個人的には冒険や探検に憧れた童心を振り返ろうと、気分転換的に本書を手にとりました。
さて、そんな本書は二章構成になっていて。前半4分の1位は【発掘作業に取り組むまで準備期間】としての(おそらくは虚飾入り乱れた)著者自身による自伝。そして後半は関係者により書かれた【年代順に整理された発掘作業記録】となっているのですが。
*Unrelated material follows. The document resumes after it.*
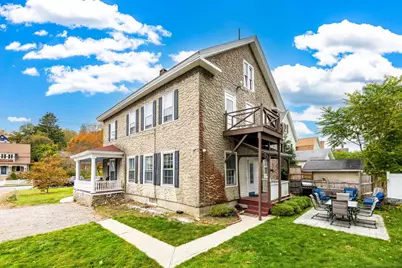 8 Pearl Street, Groton, CT 06355 - Photo 8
過去だけでなく現在でも経営者や政治家、アスリートや芸能人が【成功してから】往々にして【過去を美談化、ねつ造して】自伝をファン向けに出版することも多い事から【資料としての信憑性はとにかく】それほど本書の自伝部分をデタラメ的に目くじらを立てて非難する必要はないと個人的には思いますが。しかし、驚異的な十数カ国語をあっという間に取得する【語学能力の高さ】には(記述通りなら)驚かされます。
また最後の『後記』において補足されている、いわゆる【素人、アウトサイダー】として【自ら稼いだお金で】発掘作業に取り組み、自説を発表していくものの。当時においても【専門家から無視されたり、非難されていた】状況を理解してくると、前半部分の自伝において強調されている【トロイア発掘自体への純粋な情熱】も、どうしても伝えたかったのかな?と好意的な見方へと変化しました。
考古学好き、小説的な自伝好きな方へ。またギリシャ旅行へのお供の一冊としてオススメ。